Humans are a social species; i.e. individuals, which rely on groups. But there is no overall group in the human species.

Now to arrive at a universal "we" requires, that you believe in that. That you hold a set of values, which include all humans. There are other sets of values out there. Just look at the world and you will see them.

So back to another post:
Lawrence Kohlberg:
Stage 6. Universal Principles. People at this stage have developed their own set of moral guidelines which may or may not fit the law. The principles apply to everyone.
E.g., human rights, justice, and equality. The person will be prepared to act to defend these principles even if it means going against the rest of society in the process and having to pay the consequences of disapproval and or imprisonment. Kohlberg doubted few people reached this stage.
https://www.simplypsychology.org/simplypsychology.org-Kohlberg.pdf

Morality as universal is not born into humans.
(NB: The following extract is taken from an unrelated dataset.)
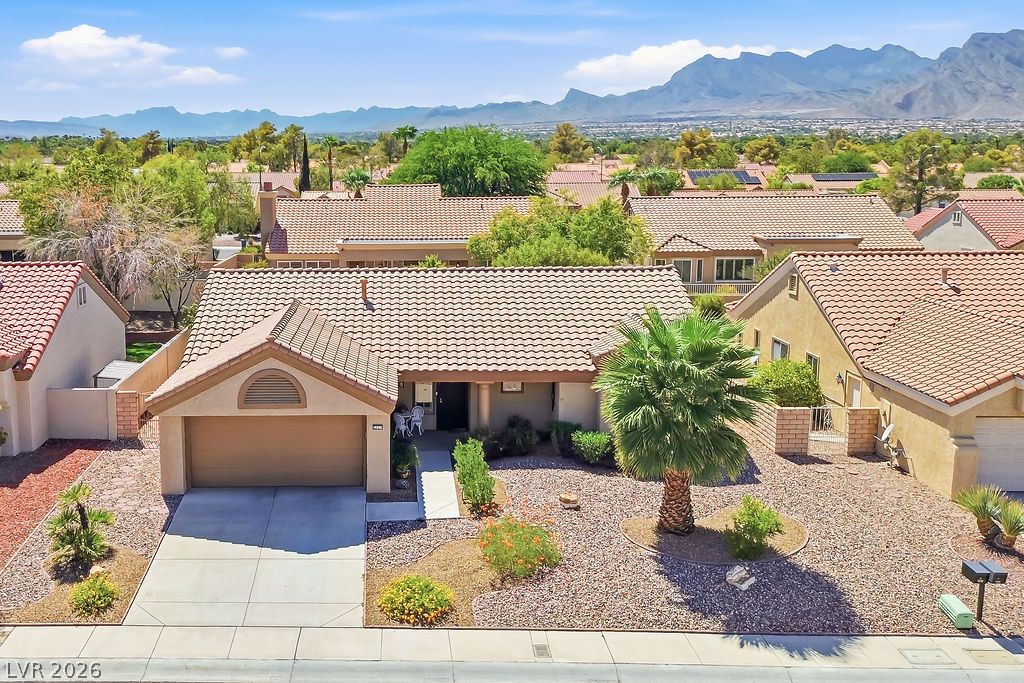 2521 Silverton Drive Las Vegas NV 89134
It is learned and is connected to cognition as it requires the combination of reason, logic, evidence and feelings/emotions.
But it still doesn't make it universal/common as e.g. gravity. It just means that a given person holds a set of universal values. Note that it is practice properly not possible, but rather stage 6 is an ideal to shoot for.
Further for the 10 to 15% of humans, who can do this in principle, because of the required cognition, they don't share an exact set. The individual sets only overlap to a certain degree.

So here is an example of such a set of principles. Note they are not rules, they are guiding principles.
https://www.uua.org/beliefs/what-we-believe/principles
Notice in the link: What we believe!!!

Regards
 
it's possible to be an expert on a fictional character. I would consider some Christian Theologians to be experts on Jesus. I would say my brothers son is quite the expert on Spiderman.
If Hawking had an interest in and spent time reading and thinking about the concepts and beliefs relating to gods (as he may have done) then he would also be an expert on gods?

Are Christian Theologians that conclude Jesus actually was the son of a god any more of a "Jesus expert" than those that conclude he wasn't (even if he existed at all)?